Trouble import/exporting STP, IGES -3D

Hi Coremembers,

Any ideas how to export a 3D file that initially used AI exported print/patterns to create a texture like the photo below?

I’ve tried Creo & Solidworks, so far in Solidworks I managed to create a similar looking texture, but couldn’t export as STP. I could however export as IGES, but I try to import back into both programs and it ended up crashing every time.

Any help,


If you can export as one file format but not another, you probably have some type of geometry that’s either too complex, or corrupt.

Importing curves directly from Illustrator can sometimes lead to messy geometry that may look visually correct, but might actually have some areas where the curves double back on themselves, criss-cross, etc.

If you were building something like this my recommendation would be to double check all of your curves in the sketch and make sure they are cleanly laid out. Also, if your computer doesn’t have enough RAM and it’s a very complex piece of geometry, the large file size of the export could crash the program.

Without seeing your actual geometry those are only guesses.

Thanks for your reply Mike.

Unfortunately, I already checked multiple times to see if there were any overlaps, criss-cross. But had no luck in exporting. If lines/patterns did overlap, I usually am not able to extrude the pattern, which I could do fine in Solidworks. Currently, the MAC’s RAM is 32gb.
Sigh, hopefully this can be solved with some magic.

Hi Tangofan

This is likely due to geometry that is too complex to be described well in STEP / IGES definitions.
Check your illustrator file if there are curves with tight bends, a lot of vertex points or overlaps.
Use a remove duplicates script and use simplify path on complex paths.
In Solidworks, always make sure that surfaces are offset a bit from surfaces on the target.
Also small radii and complex fills often cause errors in exporting. I hope that helps.
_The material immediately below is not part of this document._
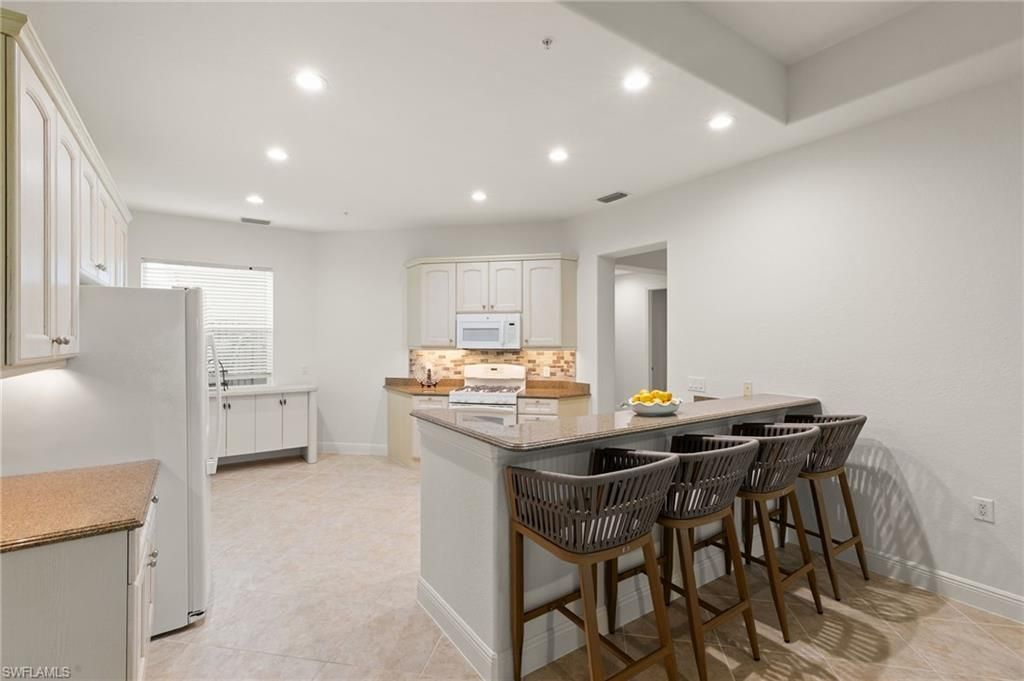 3053 Aviamar Cir , Unit 8-102, Naples, FL 34114 Photo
If all else fails install an evaluation version of Rhinoceros, those exporters work better.

Ralphzoontjens - cheers for sharing your wisdom.
If you were given these pattern AI files from a third party, would you tend to redraw sections even if it’s like the above image’s organic shape?
I’ll look into the duplicate script.

Doing this workflow in Alias there is a fit curve tool which allows you to rebuild curves using the exact tolerance or curve parameters. For almost any type of Illustrator artwork I will normally do that because even very simple geometry (The Circle in our old logo) would sometimes come across with bugs/quirks.

Rebuilding the clean geometry gives you more precise control which will ultimately let you get exactly the end result you want. I’m not sure if Solidworks has any features for reducing curve complexity within a sketch, but that could be another good place to start.

It could also be worth checking your construction/geometry tolerances. If your construction settings are too loose or tight that could cause issues during export.

@tangofan: suggestion (and maybe this is how you did the model)

  • Make only enough geometry to make a piece of the pattern. (i.e. only 15* of the geometry)
  • Bring in only one single set of curves that makes the pattern.
  • Make that a “Block” so that SW handles it easier.
  • Offset the outer surface to the depth you want the cut to be.
  • Using the sketch block extrude cut “up to surface”.
  • Once the geometry is cut and looks good, pattern the body.

Will probably be much less taxing on your system and easier to export as STEP or IGES… but also try parasolid as that is the best format out of SW.